Schillings, the leading law firm protecting the privacy and reputations of businesses and high-profile individuals, has released the findings of its recent research entitled – ‘A private life in the public eye’. The research report sets out a ‘Blueprint for change’ to help people protect their privacy and reputation without compromising the vital principle of freedom of expression. The launch of the report coincides with the Government’s DCMS Select Committee’s comprehensive report into Press Standards, Privacy and Libel.
The overarching aim of the research was to discover what it means to be in the public eye today and where the line should be drawn to separate the part of a person’s life that should remain private. The key areas of interest included: Attitudes towards privacy; Importance of legal measures; Due prominence of apologies; The effectiveness of the Press Complaints Commission; Dissatisfaction with press reporting; Prior notification and the future challenges facing reputation protection.

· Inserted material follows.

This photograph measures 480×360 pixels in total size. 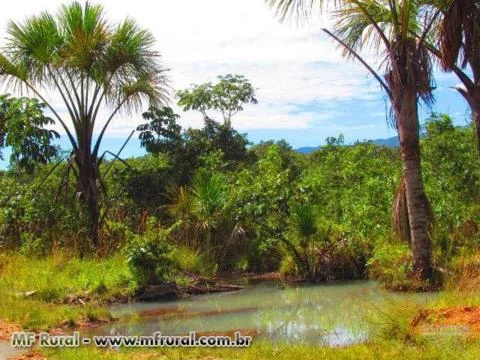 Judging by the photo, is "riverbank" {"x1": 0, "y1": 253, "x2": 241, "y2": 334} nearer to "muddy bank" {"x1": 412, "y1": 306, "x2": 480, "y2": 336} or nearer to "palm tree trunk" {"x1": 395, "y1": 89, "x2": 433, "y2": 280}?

The research provides evidence that people are dissatisfied with the current position regarding reputation and privacy. The opinions of the audience presented in the report do not necessarily represent those of Schillings. An area of common ground is the view showing that whilst it is important to permit publication of matters that are genuinely in the public interest, too often reputations are damaged, and privacy invaded, by the publication of stories that are untrue, or where the main aim is to satisfy salacious curiosity about the lives of the rich and famous irrespective of the distress caused to them, their families and their friends.
Gideon Benaim, Partner at Schillings, who led the research project commented: “Schillings has been at the forefront of developing privacy law in this country and has set legal precedent providing everyone the right of protection in respect of their home life, their children and medical information, as well as other areas considered private. This means their private life should not be reported by the press unless it is truly a matter in the public interest. However, in some areas we find the media don’t make the correct distinction between ‘public interest’ and ‘of interest to the public’ which are quite different concepts.”
Schillings concluded that the aims of existing laws are sound. But in practice, they frequently fail to achieve a satisfactory balance between the public interest, the truth and privacy. The report recommends three key reforms to reputation laws under the proposal called the ‘Blueprint for change’; each of which are supported by the recommendations in the DCMS report.
– The press should have to notify people before publishing stories that will seriously invade their privacy.
– It should be easier to obtain injunctions preventing the publication of untrue allegations.
– Introduce a pre-publication system to resolve disputes.